### Dataset extract
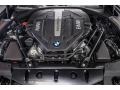2014 Black Sapphire Metallic BMW 6 Series 650i Coupe  photo #8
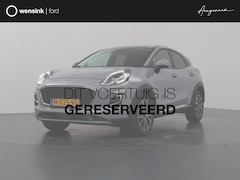 Ford Puma - 1.0 EcoBoost Hybrid Titanium | Navigatie | Winterpakket | Parkeercamera | Cruise Control |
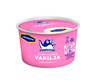 Pingviini vanilla-rasberry cup 120ml lactose free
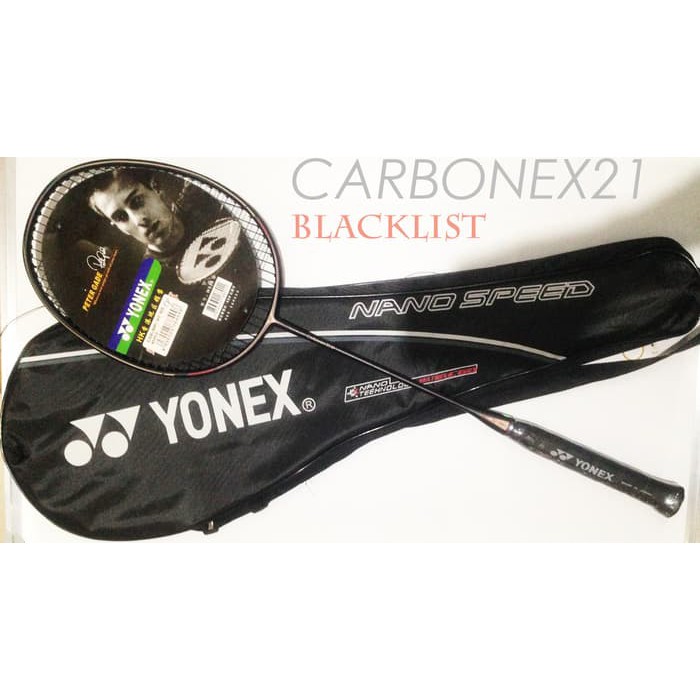 Raket Badminton Yonex Carbonex 21 /  Yonex 21  bulutangkis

### Problem to work on
Only the text of the listing above is wanted, transcribed exactly, without its images.

### Task solution
2014 Black Sapphire Metallic BMW 6 Series 650i Coupe  photo #8
 Ford Puma - 1.0 EcoBoost Hybrid Titanium | Navigatie | Winterpakket | Parkeercamera | Cruise Control |
 Pingviini vanilla-rasberry cup 120ml lactose free
 Raket Badminton Yonex Carbonex 21 /  Yonex 21  bulutangkis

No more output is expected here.